As you know from my earlier posts, I’m no longer working in PR.  And since I’m a ‘labeler’ I’ve decided to call this period in my life a sabbatical.  By definition, a sabbatical (from Greek sabbatikos, from Hebrew shabbat, i.e., Sabbath, literally a “ceasing”) is a rest from work, or a hiatus that lasts from two months to a year.  Now if you ask me, those Greeks and Hebrews sure know how to live.

I went into my sabbatical with some trepidation.  How would I adjust to life without the job I’d had since even before I graduated college?  How would I fill my days?  My thoughts?  I worried there’d be so much I’d miss about my old life.  But I gotta tell ya, since then, I realized there’s much more I don’t miss.

There’s the obvious stuff I don’t miss about my job like the eye bulging stress and the complete and total infringement on my life. : )  But there’s also a bunch of little things that you realize are really annoying once they’re gone.

Take the bullshit, made-up vocabulary of the corporate world.  Corporate America has a vocabulary all its own that includes lots of ridiculous phrases contrived to make regular ol’ things sound important.  Like touch base as in “I’ll touch base with you on that later this week.”  Um, how about just “I’ll talk to you about that…?”  There’s also circle back.   That’s basically the same thing as touch base as far as I remember.  But I mean, what are we show horses?  Circle back.  Tssst.  Here’s one that cracks me up – action items.  You can call them action items if it helps you cope, but the reality is they’re just the shit you have to do.  Synonymous with action items are deliverables.  But still – just the shit you have to do.  Oh wait.  Let’s not forget about low hanging fruit.  Maybe my mind is in the gutter, but every time I heard that one I couldn’t help but think of something perverse.  Let’s just say I’m not interested in your low hanging fruit, buddy.  I could go on and on, but I’ll throw in just a couple more particularly egregious terms.  Value add.  “Susy Snowflake, what’s your value add?”  Translation:  “Say something smart that justifies your being here.”  Out-of-the-box.  “We need some out-of-the-box ideas.”  Translation:  “We have to think of something we haven’t tried and failed at already.”  I haven’t used any of these phrases in almost six weeks and I’m pretty sure I’m still communicating and people understand me.
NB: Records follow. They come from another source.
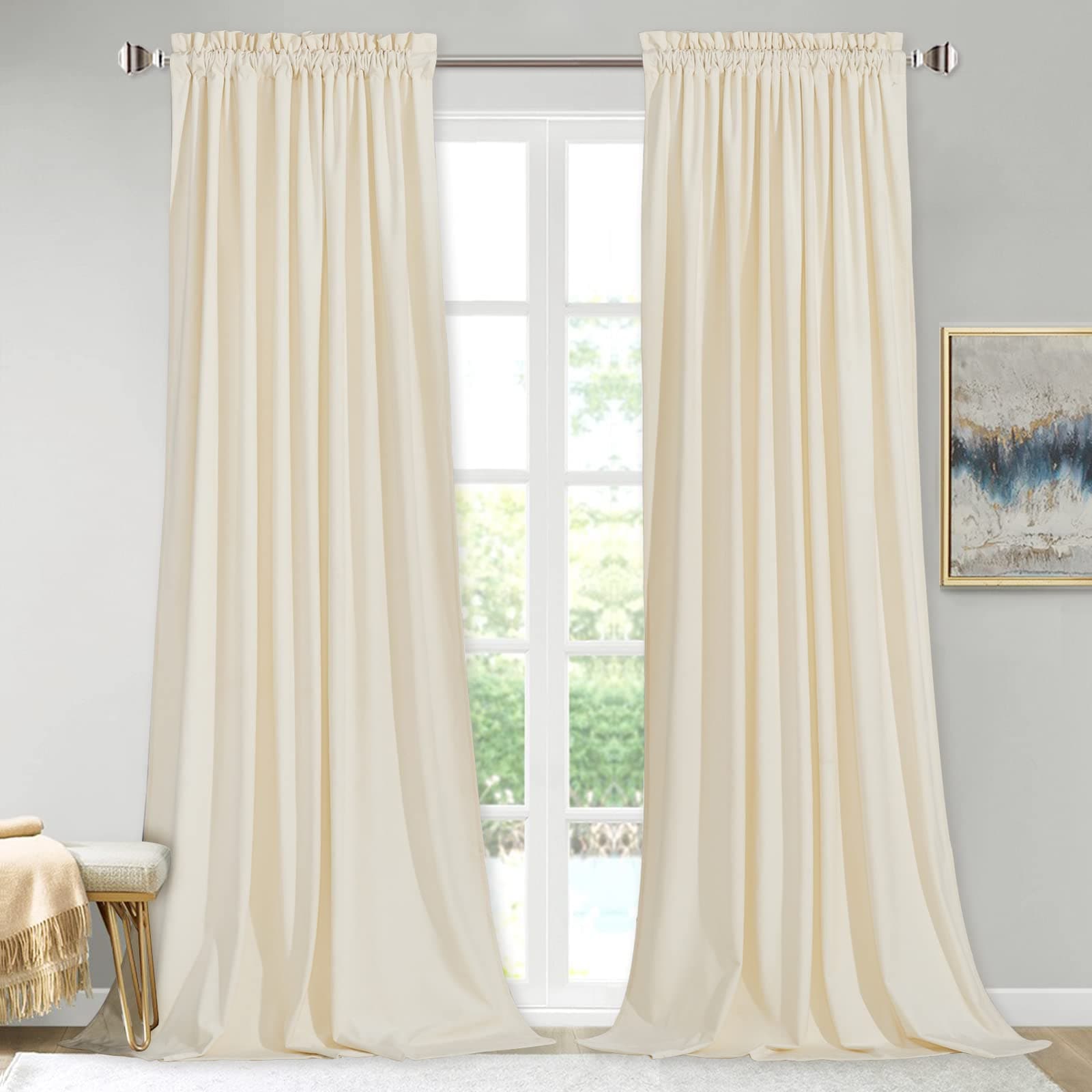 Juego De Cortinas Stangh De Terciopelo Grueso Con 2 Paneles, 132 X 274 Cm, Color Negro - Venta Internacional. $1,994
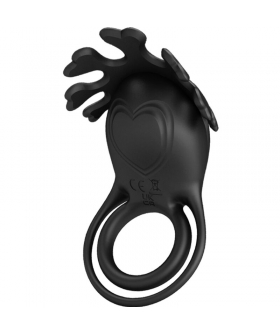 PULPITO BLACK Anillo vibratorio para pene recargable con 7 funciones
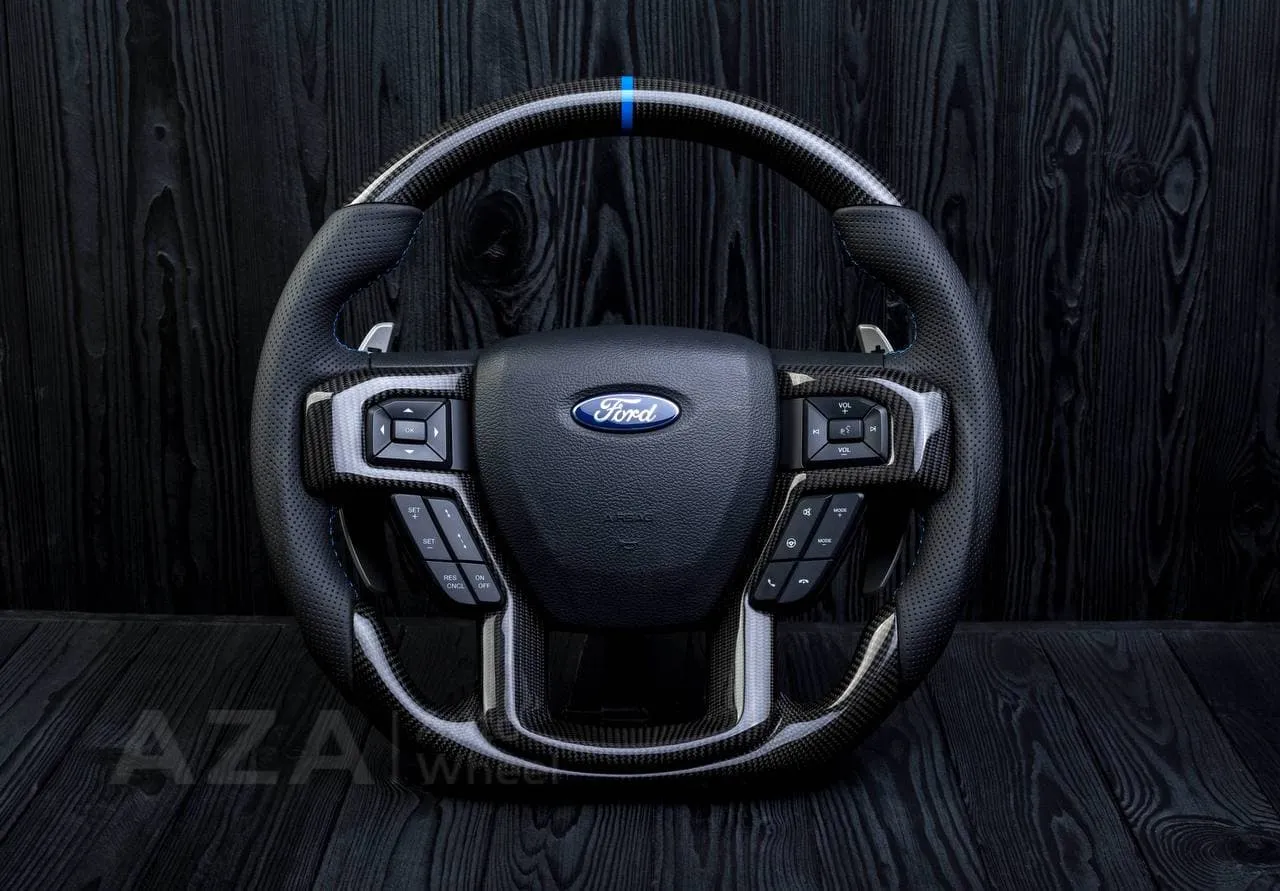 Steering wheel FORD RAPTOR 2015-2020 Carbon fiber/Perforated leather/Blue stripe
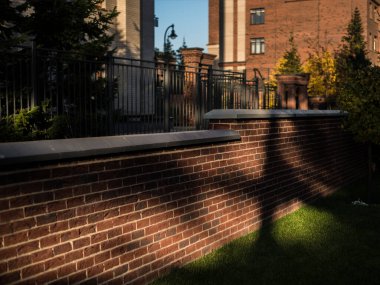 Güzel bir park manzarası, bakımlı ağaçlar ve lüks tuğlalı evler olan bir meydan..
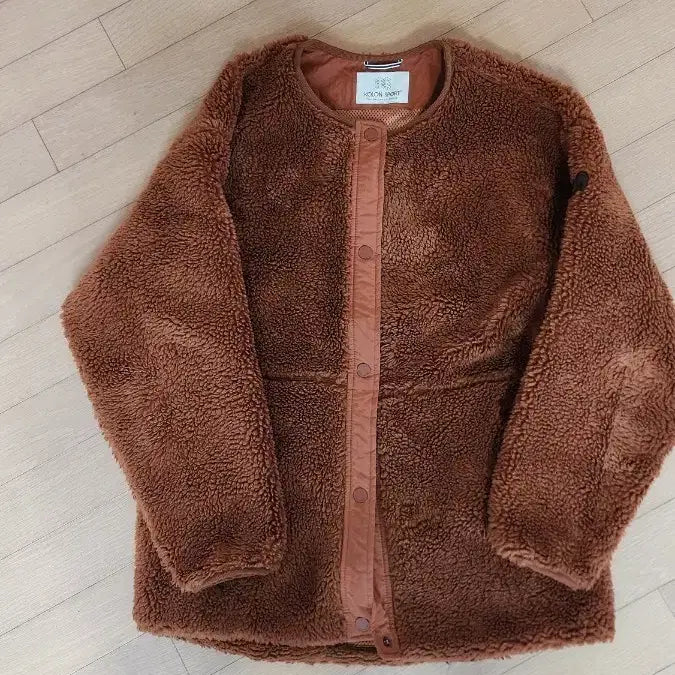 [BUNJANG] Kolon Sport Brown Fleece Jacket / 코오롱스포츠 브라운 뽀글이 플리스 자켓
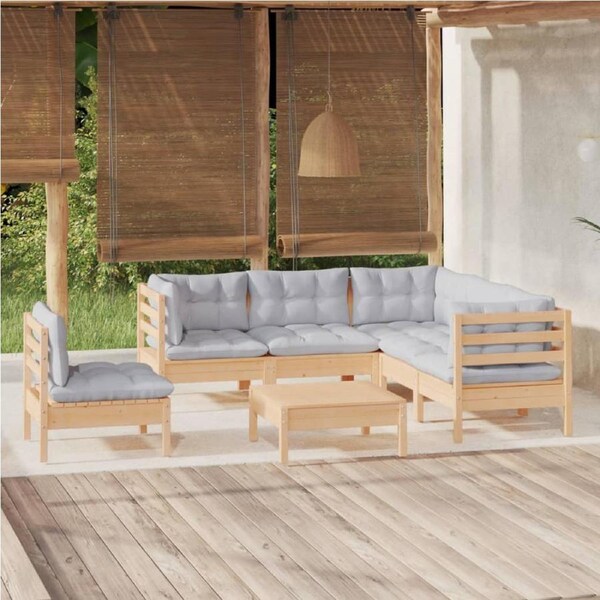 6 Piece Garden Lounge Set with Grey Cushions Pinewood vidaXL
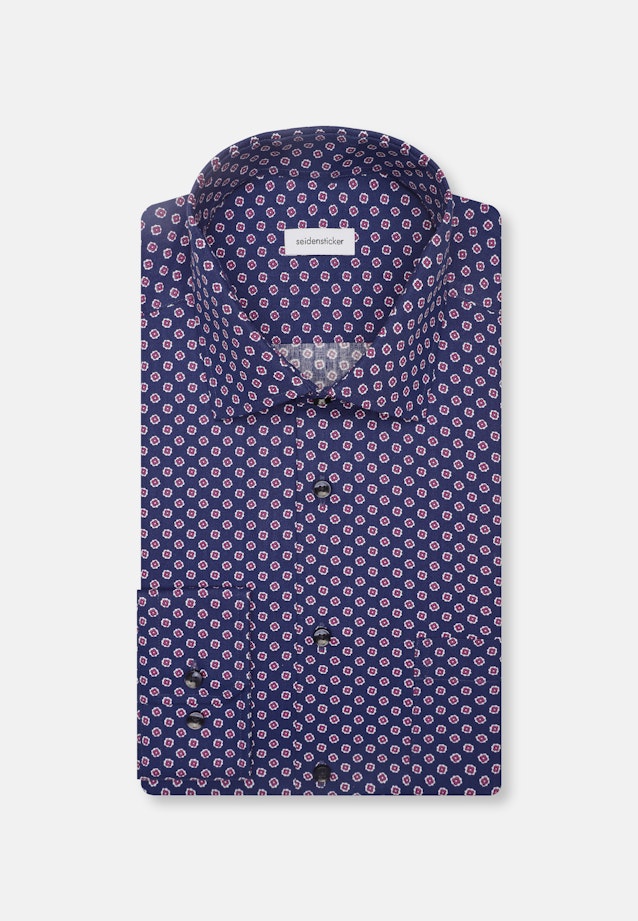 Regular Business shirt Print in Medium Blue |  Seidensticker Onlineshop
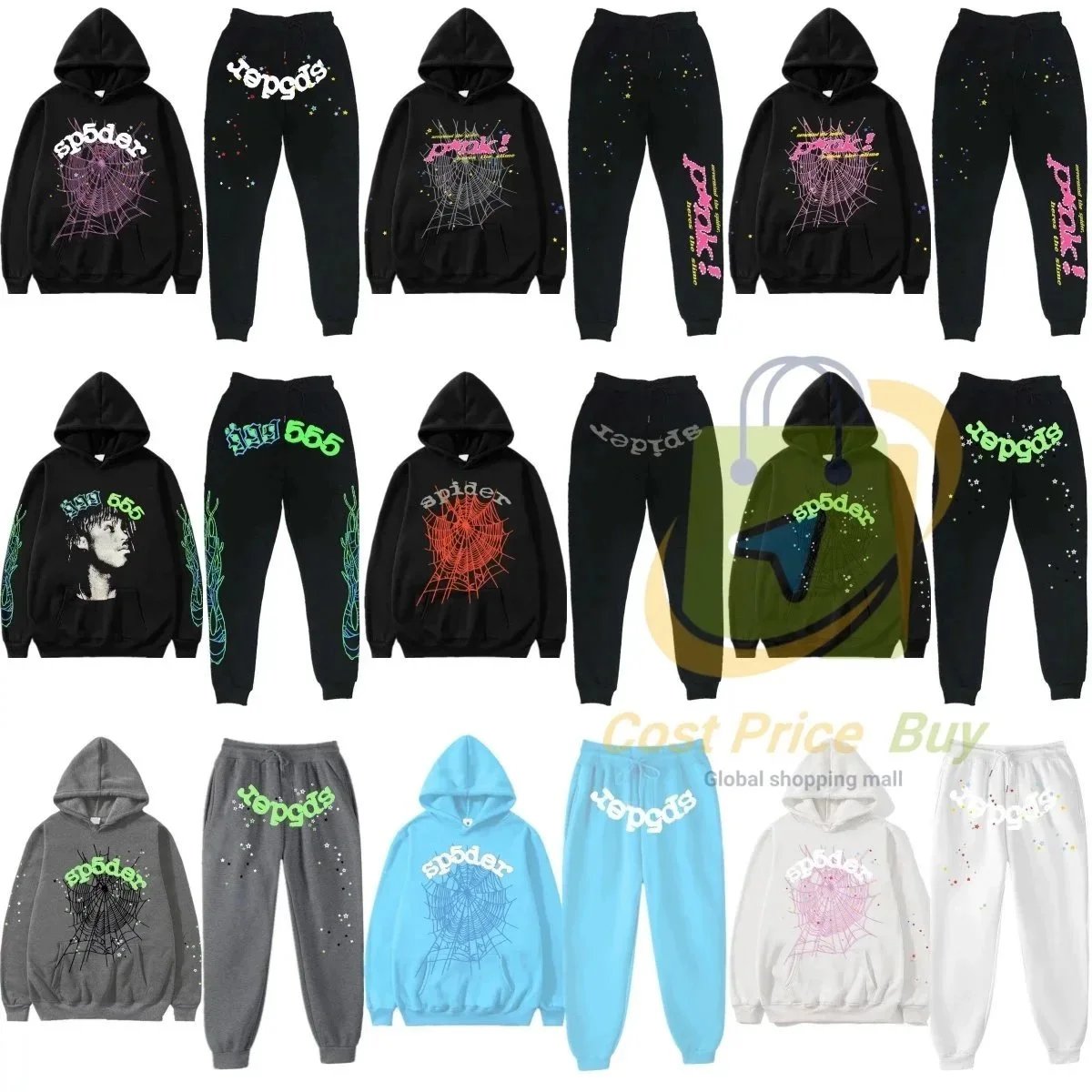 Sp5der Web Graphic Hoodie and Sweatpants Set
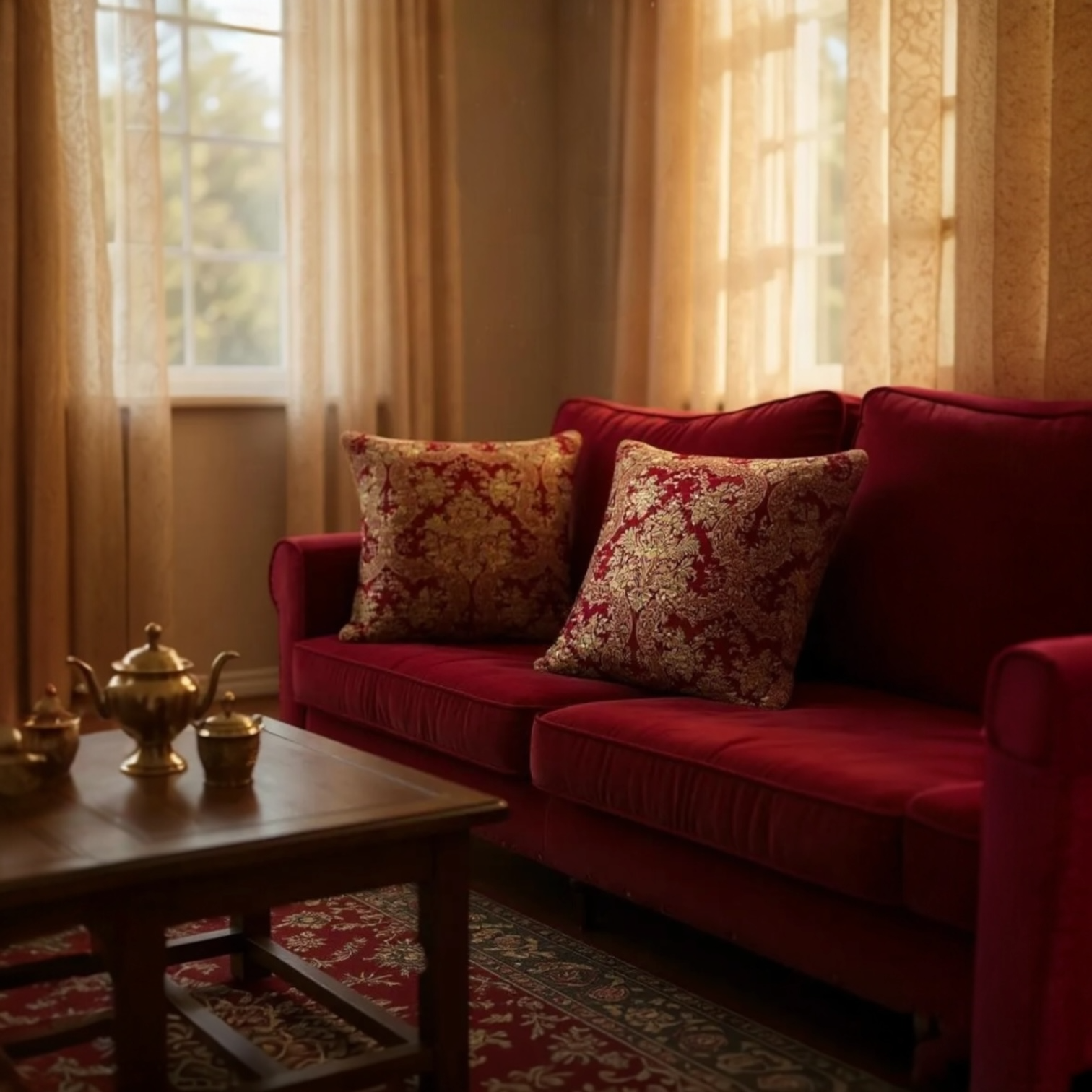 Luxurious jacquard woven cushion cover in red with gold paisley and gold twisted piping, 45x45cm.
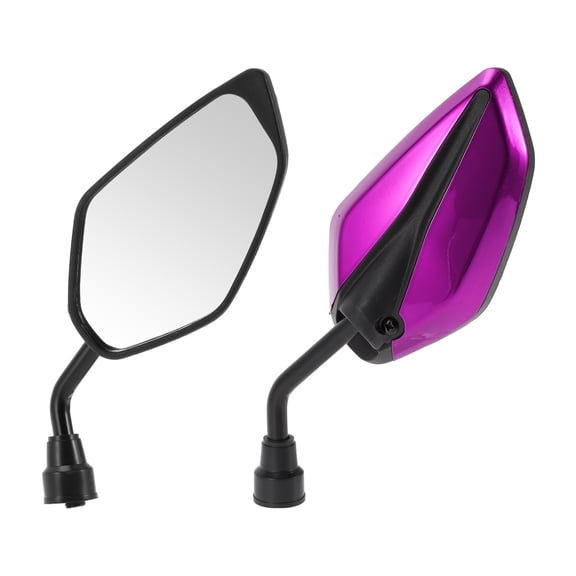 Unique Bargains Universal Motorcycle Rear View Mirrors Adjustable Bar End Side Mirrors Mount Iron Plastic 1 Set M10 Leaf Shape Purple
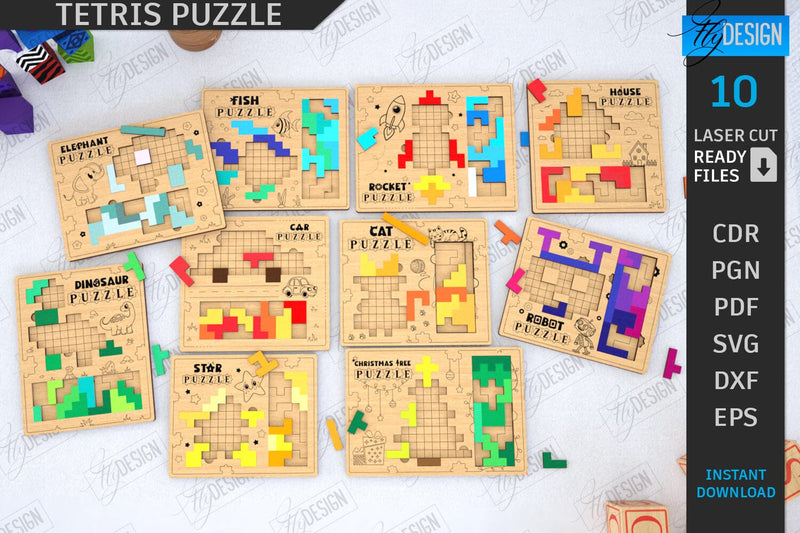 Tetris Puzzle Laser Cut Bundle | Blocks Puzzle | Montessori Toy | Wooden Board Game | Educational Game | CNC Files SVG Fly Design 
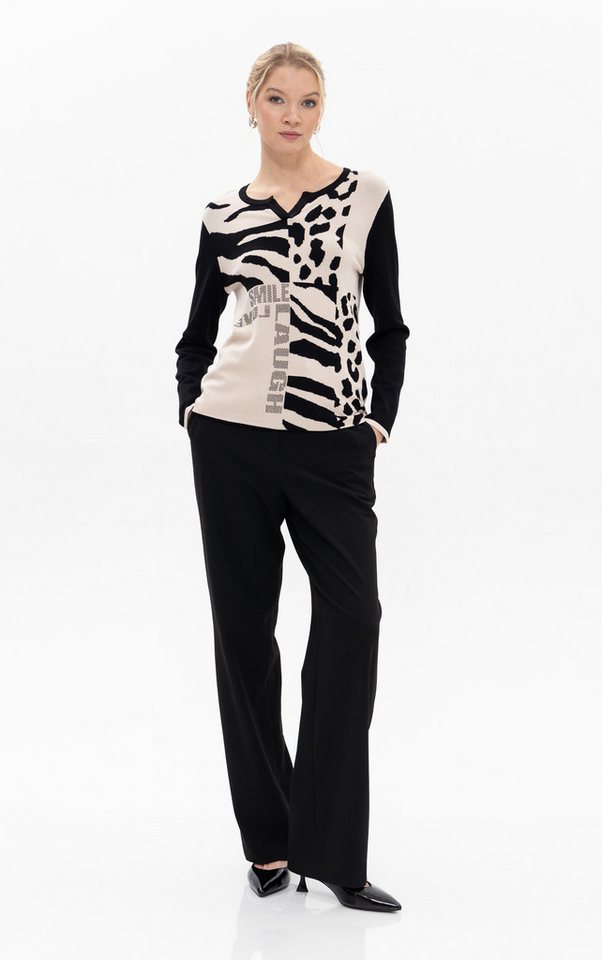 Passioni Strickpullover mit Animalprint-Mix – Bild 4 von 4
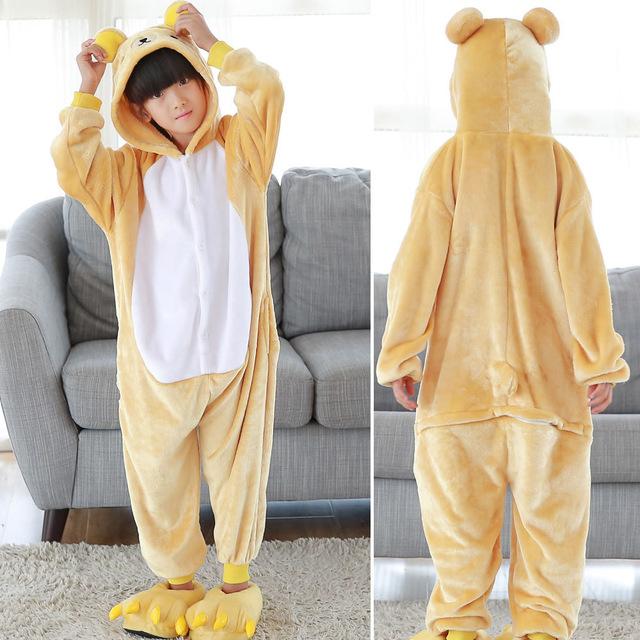 Kigurumi Unicorn Pajamas set Kids Winter Warm Onesies Cosplay Children Pyjamas Boys Girls Flannel Pijamas Set Animal Sleepwear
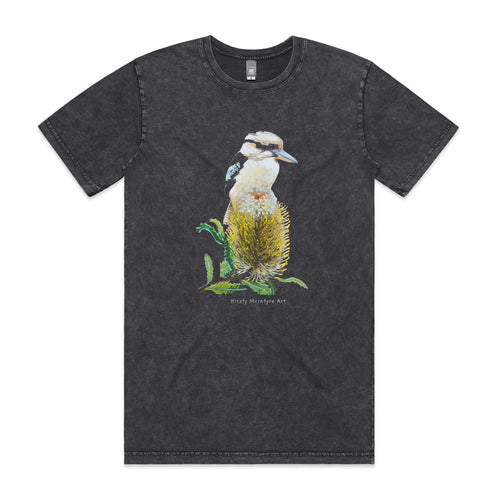 Kookaburra & Banksia Tee by Lonely Kids Club. All clothing from our T-shirts to our shorts and hoodies are ethically made, and printed packed and shipped from Sydney.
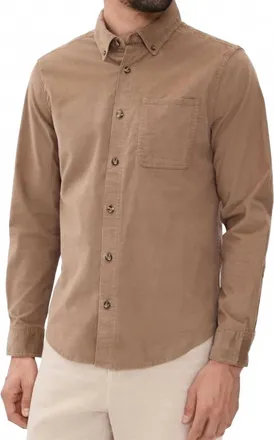 Fair Harbor Mens Wilder Stretch Corduroy Shirt In Oak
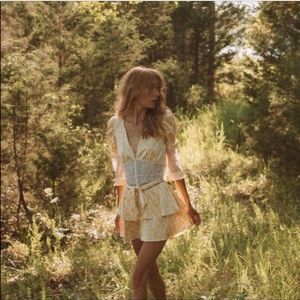 For Love & Lemons Victoria Secret Collab Daffodil Robe Mini Lace Dress xxs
Another thing I don’t miss is email.  Obviously I still use it in my personal life, but in my work life, email was the primary method of communication.  I think that was partly because you always need to have a paper trail to back you up in case something went awry.  But for Christ’s sake we’d email people who were sitting not more than 20 feet from us.  To add insult to injury there was also IM.  You used that if the person you just emailed (who sits 10 paces from you) doesn’t respond within 3 minutes.  And, even if you had a real, live conversation with someone, it was always followed up shortly afterward by an email, just to put the exact same things you talked about in writing.  Imagine if you did that in real life?  I know, next time Enzo and I have an argument, I’ll send him an email recapping what I think my most salient points were.

I also don’t miss business travel.  In my real life I love to travel.  I love everything about it from planning the trip, picking hotels, researching excursions, etc.  But business travel is different.  Through my job I had occasion to travel to some of the most beautiful parts of the country but rarely spent enough time in any of those places to really enjoy them.  In the business world, any destination you can get to in 4 hours or less is a day trip.  And sometimes even a trip to the west coast didn’t constitute an overnight unless you count the 30 winks you get on the red eye.  I once flew 6 hours to sit in a 90 minute meeting and went straight back to the airport to fly 6 hours home.  That was nice.  Nope, I don’t miss that.

So despite my initial concern, I’m enjoying this sabbatical very much.  Today’s agenda included waking up at 6:00, making my husband’s lunch, having coffee and a walk with Sonny, having lunch with my mom and dad, a trip to Russo’s where I leisurely selected the best of their eggplant, squash, russets and cubanile peppers, a stop at the local nursery to pick up mums and pumpkins to decorate our front porch, an afternoon of work in the garden and sitting down for dinner (3 courses that I made) with Enzo at 6:00.  Now that’s my idea of value add.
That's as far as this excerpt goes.